【佳作】 まほうの言葉

大山小学校4年 鈴木 美玲
 
「おはようございます。」
 毎日毎日、どこからでも聞こえてくる言葉です。朝起きれば、テレビからも家族からも聞こえてきます。
 毎朝登校の時間になると、近所には地域の人たちが、雨の日も風の日も雪の日も夏の暑い日でも私たちの安全を見守ってくれています。そこを通るたびに、みんなが笑顔で、
「おはようございます。」
と、あいさつをしてくれます。そればかりではありません。
「なんか今日は元気がないね。」
とか、私たちの顔を見て、たくさん心配もしてくれます。返事を返せない私にまで、何度も何度も声をかけてくれます。
 そんな地域の方々に感謝ができるようになったのは四年生になってからです。一・二年生の時は、はずかしくてあいさつができませんでした。立っている人の顔を見るのがせいいっぱいでした。毎日のことなので、早くなれればよかったけれど、どうしてもその「おはようございます。」がはずかしくて言えませんでした。目を合わせずに、下を向いて小さい声で言うことだけでした。
 ある日、先生から道徳の時間に障がいをもった体の不自由な人の話を聞きました。目の見えない人や耳の聞こえない人、手足の不自由な人・・・。そんな話を聞いているうちに「私は健康でよかった・・・。」と思いました。それから「なんて私はぜいたくな人間なんだろう。」と思えてきました。体が不自由な人たちは、あいさつすることさえもきびしいのに。私は目が見えるし耳も聞こえる。手足も動くし、指も五本ずつある。どうしてそんな私があいさつくらいできないんだろうと思えてなりませんでした。
 初めは小さな声でしたが、朝の見守りをしてくれる地域の方々にあいさつができるようになってきました。だんだんとみんなの顔を見ながらあいさつができるようになりました。だんだんと声も大きくなってきました。地域の方々、通りすがりの人。そして学校の先生方や友達みんなに、気持ちよくあいさつができるようになりました。
 あいさつにはすごい力があります。知らない人でも、あいさつをすることでコミュニケーションがとれます。心がかよいます。けんかをしていた友達とでも仲がよくなるきっかけを作ります。

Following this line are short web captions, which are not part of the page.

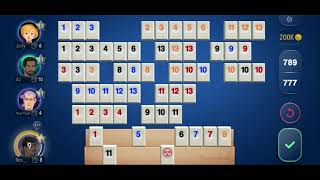 Rummikub play [upl. by Geraint]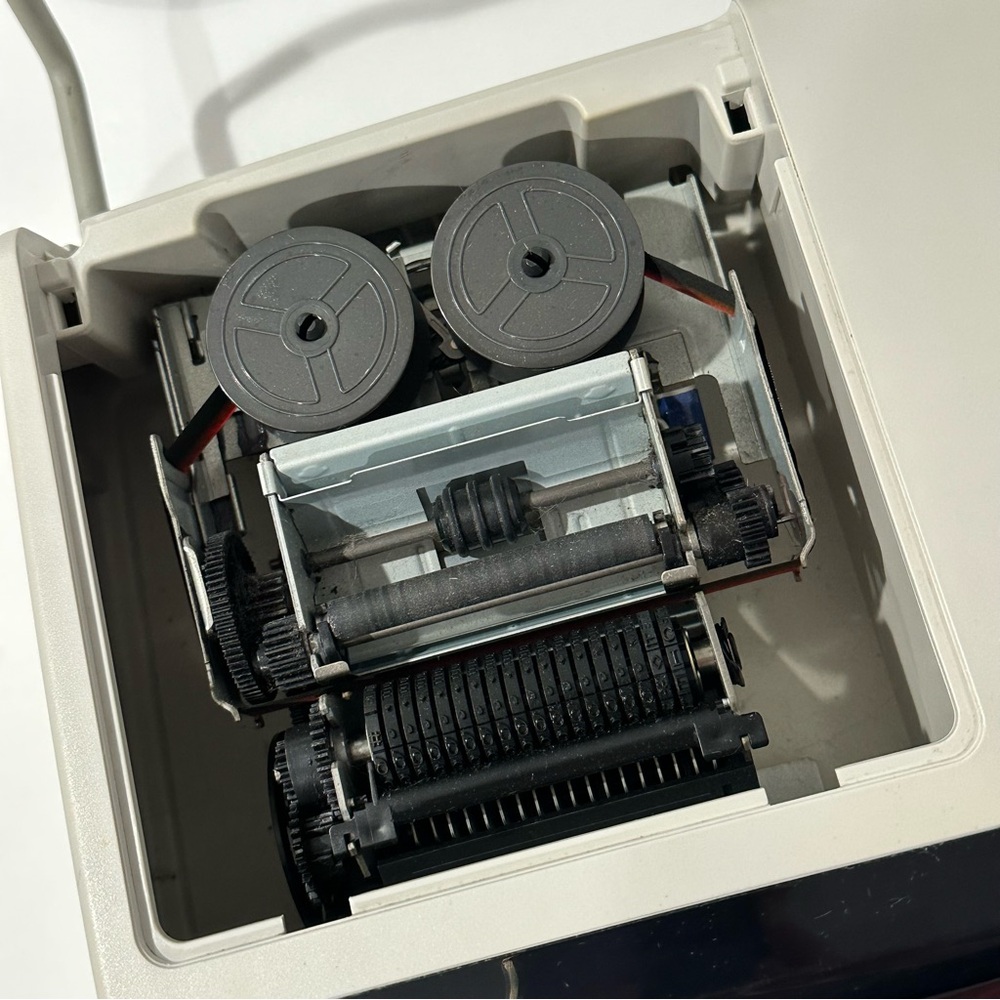 Sharp EL-2630PII Printing Calculator - Picture 9 of 10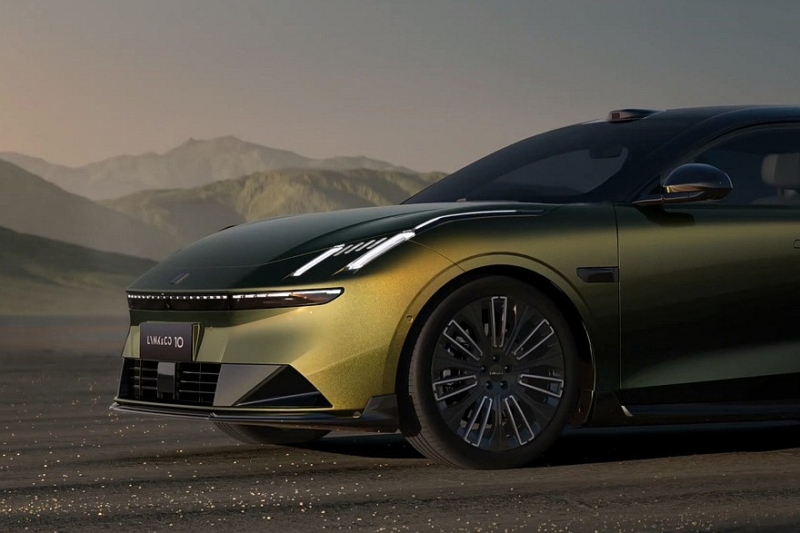 Полноприводный седан Lynk & Co 10 EM-P придёт на подмогу непопулярной модели Z10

たった九文字の言葉「おはようございます。」がみんなをつないでくれます。心が温かくなります。
 どうして今まで言えなかったかがふしぎでしかたがありません。あいさつの大切さを身を以って教えてくれたたくさんの人たちに感謝したいです。そしてこれからは、もっともっと多くの人たちに感謝をこめて、あいさつしていきたいと思います。